Daily MailMail Online has launched a beta version of its new Daily Mail and Mail on Sunday website as part of its aggressive plans for growth. As part of the redesign, the site is ramping up its showbiz and women’s sections.

The beta site, beta.dailymail.co.uk went live this afternoon (April 16) and it is currently running in conjunction with its old website www.dailymail.co.uk.

Martin Clarke, editorial director of Mail Online, says 90% of its content is already available on the beta site and hopes to finalise the complete changeover within weeks.

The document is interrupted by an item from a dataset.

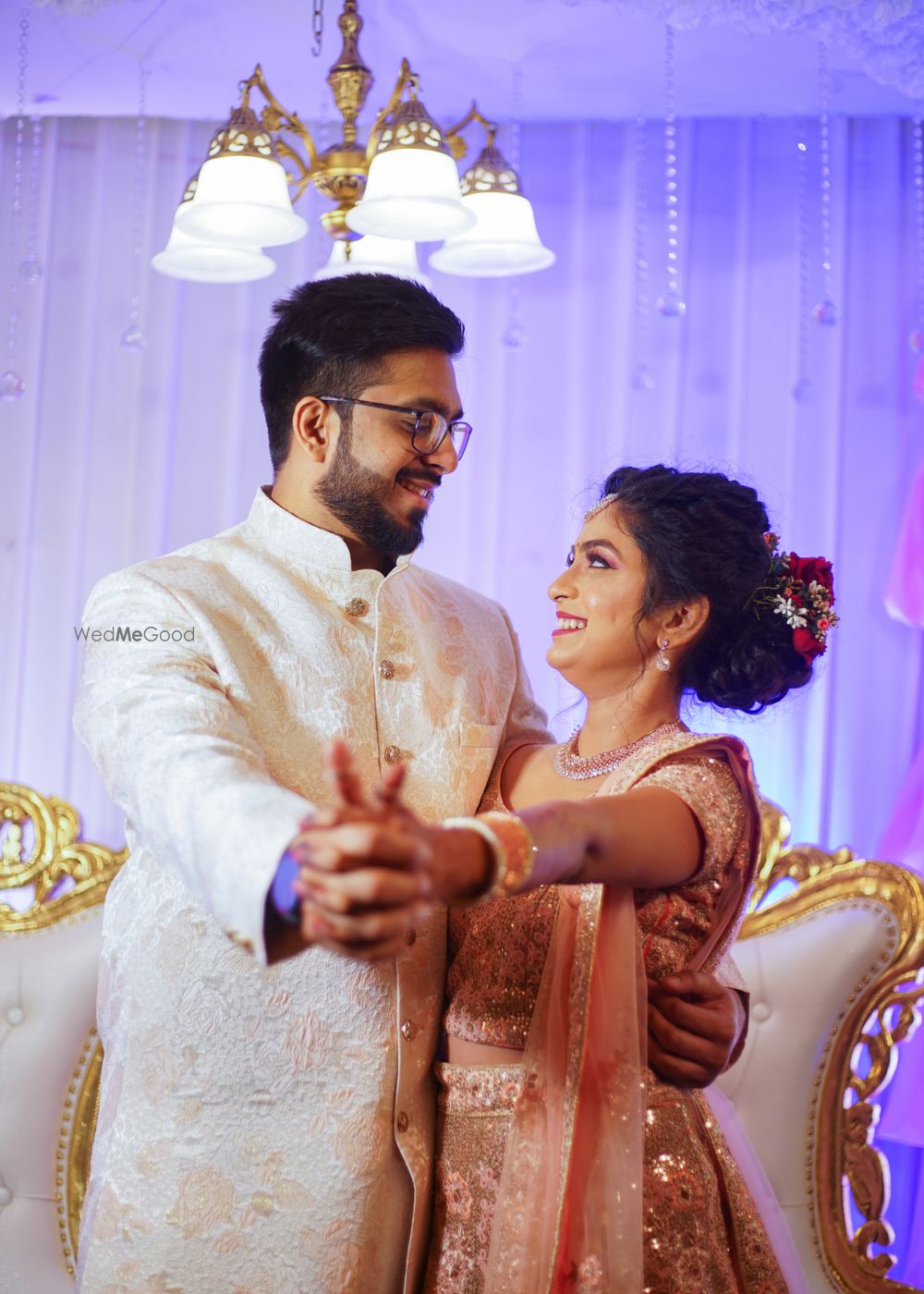 Photo From Abhilash & Tanvi - By Bluestroke Studios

The redesigned site will now be branded Mail Online on the homepage, replacing the Daily Mail masthead. The changes also means there is more advertising inventory.

Clarke says it will be able to offer advertisers “entirely new shapes” beyond the skyscrapers, banners and multiple purpose units (MPU) currently on its old site. Also, on the pages featuring articles, it has moved skyscrapers from the right to the left hand side, pushing the MPU up higher – following the logic that people read from the left to the right.

“What we’ve done is looked at the aspects about our old site that worked and the bits that didn’t. We’ve accentuated the aspects we know worked. The ‘Femail’ and showbiz sections are bigger and brighter – more like a magazine,” Clarke says.

Mail Online is the second biggest newspaper website in the UK behind the guardian.co.uk. According to the Audit Bureau of Circulations electronic figures, it attracted over 17 million visitors in February this year, not far behind guardian.co.uk’s 19.5 million.

“We’ve been the fastest growing website for the last two years. We’ve built this site very ruthlessly and it has been ruthlessly dictated by the lessons we’ve learnt.”

He says at this stage there are no plans for marketing activity. “We’re 200% up year on year and we’ve not spent a penny on marketing or search, so we haven’t decided.”